Rescuing FreeBSD, the UNIX Way (And a Free Upgrade Too!)

I did it, I finally effed up my FreeBSD install.

It all started with trying to build a custom kernel. I used Git to checkout the latest stable source code, but realized I used the wrong branch name. So, I figured I'd interrupt the clone and just remove the /usr/src directory (the standard place to put FreeBSD's source code) and start over. So I changed into /usr/src and ran rm -r *. Only I wasn't in /usr/src, I was in /usr.

By the time I realized what was happening and cancelled the operation, I had already wiped out all of /usr/bin and an unknown number of other files and directories. My window manager (i3) fell on its face, and the status bar threw the "I can't run any of these commands" message. Turns out there's a lot of useful stuff I expected to live in /bin that actually lives in /usr/bin! ssh(1) was gone, tar(1) was gone. Even doas(1)! I really, truly, thoroughly effed up my install.

Oh God, what about my home directory? Turns out it was still there, along with most (if not all of my files). I'm not enough of an idiot to not have a home snapshot, so I log in as root (doas is gone), and zfs rollback to the rescue. Now my primary concern is getting that home directory out of there, because I didn't feel like restoring it from my cloud backup if the rest of my recovery went bad. But I didn't have ssh(1) or scp(1) to clone it to my server. I did have ZFS' send and receive functionality but I figured I'd take the easy way out and use my unscathed rclone to SCP it to freedom. Pretty sure my data shamed and gloated at me as it reached its lifeboat.

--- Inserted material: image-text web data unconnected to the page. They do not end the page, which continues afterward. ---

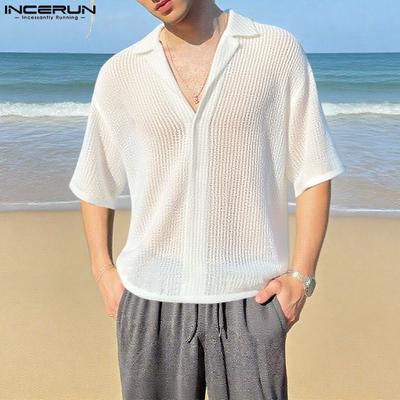 Herren Übergröße Kurzarm Aushöhlen Mesh Transparent Nähte Tops T-Shirts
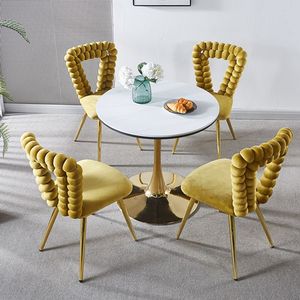 Set di 2 Sedie da Pranzo Moderne e Confortevoli con Gambe in Tubo di Ferro e Morbidi Cuscini, Schienale Pratico per Sala da Pranzo, Soggiorno, Caffè - Product Image 4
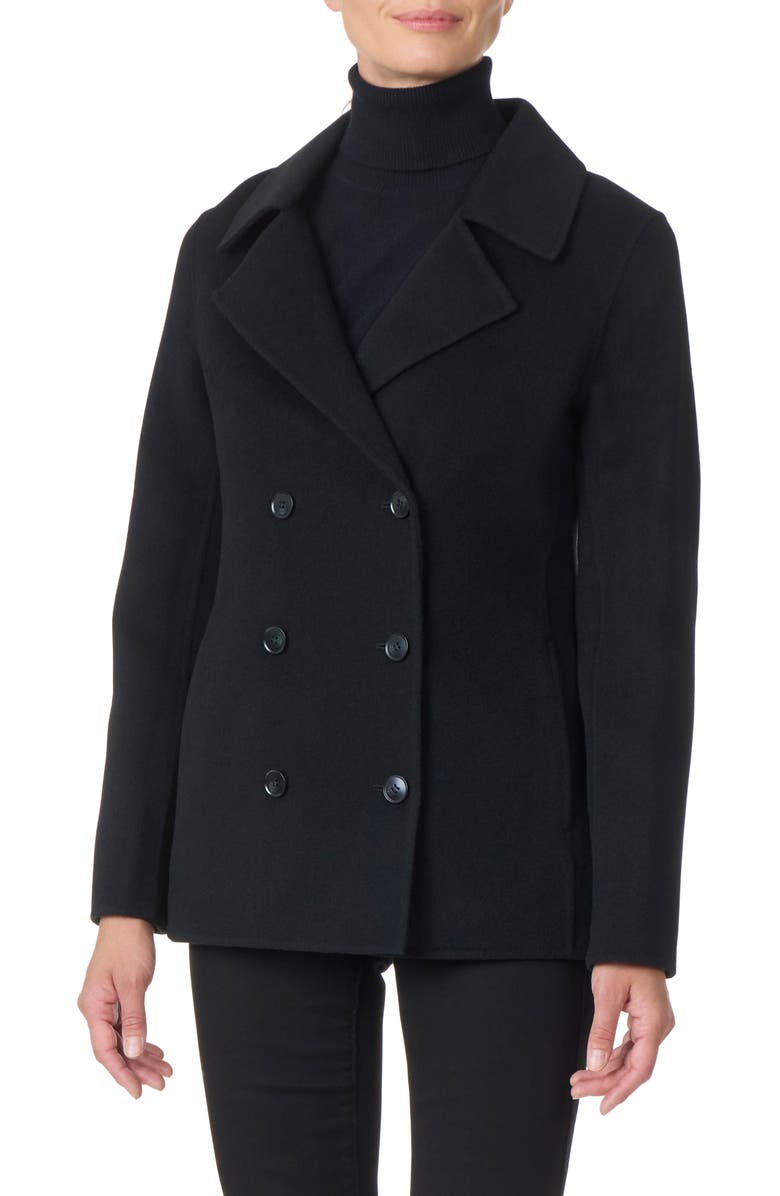 Bruno Magli Double Face Wool Blend Double Breasted Coat, Main, color, Black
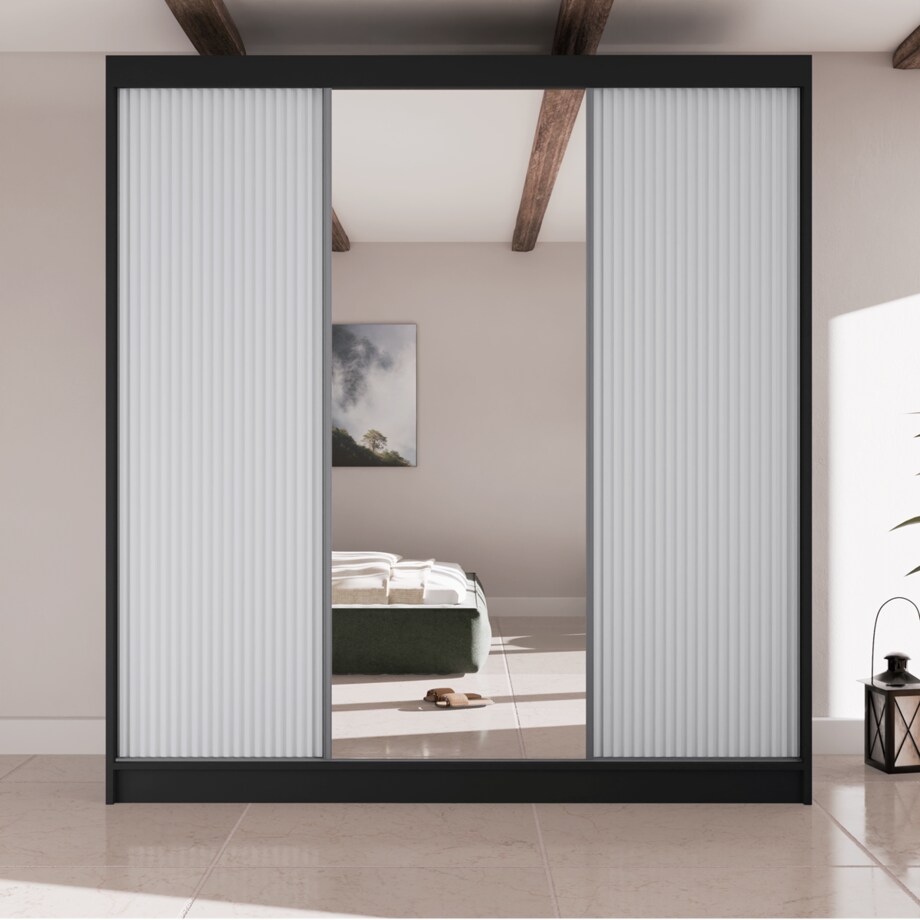 Szafa przesuwna V200 z lustrem i szufladami - czarna+ białe ryfle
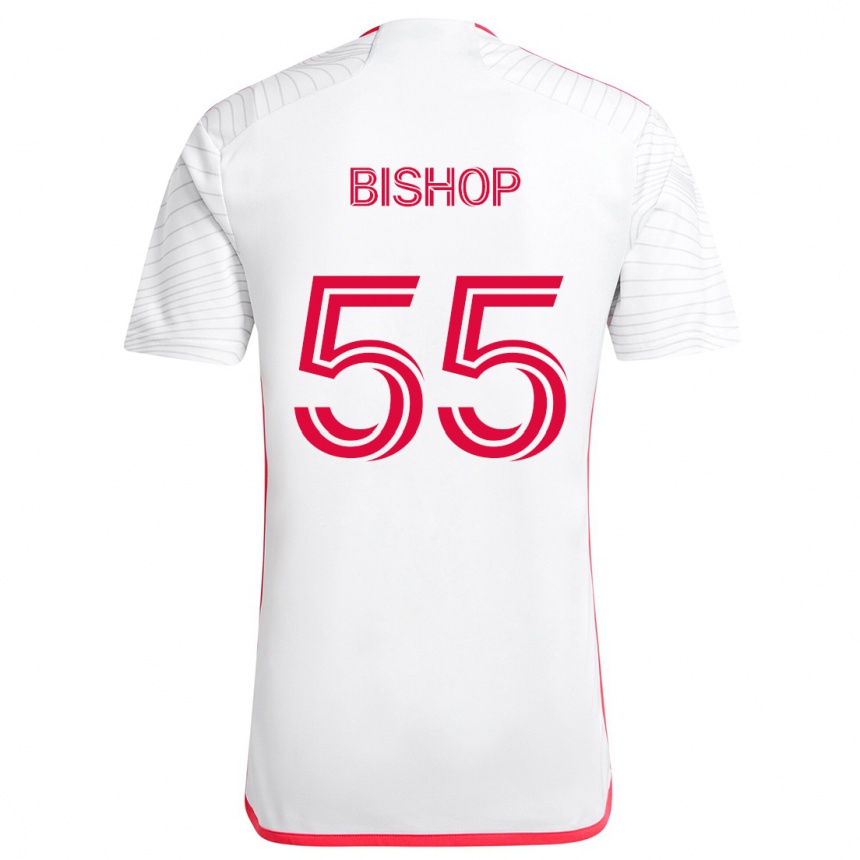 Kids Football Nick Bishop #55 White Red Away Jersey 2024/25 T-Shirt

So now I could start to fearlessly think about un-effing my install. This is where most people (previously including myself) would suck it up, start from scratch with a USB installer, try to remember all of the customization steps they took to bring the system back to its current working state, and restore user data. But I'm not the man I once was. I've been playing this game long enough. I don't go crawling back to the dusty install media when something as trivial as critical system files go missing or corrupt. I know what I did wrong and I can think of several creative ways to fix it. Say it with me: it's a unix system

First of all, my entire system (sans /usr/bin is still somewhat operational. I have access to a root shell (and my X session with a browser) so I'm in pretty good shape. I am lacking some very basic core utilities but I might be able to get them back without even rebooting. I don't have any system-wide snapshots to restore from but I do have another running FreeBSD 13.0-RELEASE system on my network: my server. rclone worked to move data over there in an emergency, so I'll use that to copy my coreutils back where they belong. And it worked. back in business

Now came the hard part. Un-effing everything I didn't know was missing or broken. Who knows what else got removed during that operation. I can reinstall my entire package tree pretty easily, so I'm not that worried about anything missing from /usr/local. Maybe I have one or two config files in /usr/local/etc that I can live without. I know /usr/home is safe and restored. So all that's left is stuff like lib, sbin, include, lib32, share and a few others that aren't very unique to my system (packages notwithstanding).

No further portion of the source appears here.